** INFORMATION PROVIDED follows **

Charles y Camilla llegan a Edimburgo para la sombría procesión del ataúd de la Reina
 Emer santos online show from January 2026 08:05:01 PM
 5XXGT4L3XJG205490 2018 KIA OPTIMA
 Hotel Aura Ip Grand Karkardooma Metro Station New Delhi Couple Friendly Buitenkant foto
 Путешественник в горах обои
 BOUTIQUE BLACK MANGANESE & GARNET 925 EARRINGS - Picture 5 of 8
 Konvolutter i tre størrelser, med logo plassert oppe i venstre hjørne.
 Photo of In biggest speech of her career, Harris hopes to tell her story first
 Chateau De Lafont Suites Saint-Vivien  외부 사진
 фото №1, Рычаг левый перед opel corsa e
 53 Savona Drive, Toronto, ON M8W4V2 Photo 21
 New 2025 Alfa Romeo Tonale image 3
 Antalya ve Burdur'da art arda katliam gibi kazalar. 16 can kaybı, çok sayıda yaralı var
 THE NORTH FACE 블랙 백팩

** End of INFORMATION PROVIDED **

Nothing outside this range should appear: the lines from the start of the listing through the line with "Photo of In", each reproduced exactly, both ends included.

§ **EXPECTED OUTPUT**
Charles y Camilla llegan a Edimburgo para la sombría procesión del ataúd de la Reina
 Emer santos online show from January 2026 08:05:01 PM
 5XXGT4L3XJG205490 2018 KIA OPTIMA
 Hotel Aura Ip Grand Karkardooma Metro Station New Delhi Couple Friendly Buitenkant foto
 Путешественник в горах обои
 BOUTIQUE BLACK MANGANESE & GARNET 925 EARRINGS - Picture 5 of 8
 Konvolutter i tre størrelser, med logo plassert oppe i venstre hjørne.
 Photo of In biggest speech of her career, Harris hopes to tell her story first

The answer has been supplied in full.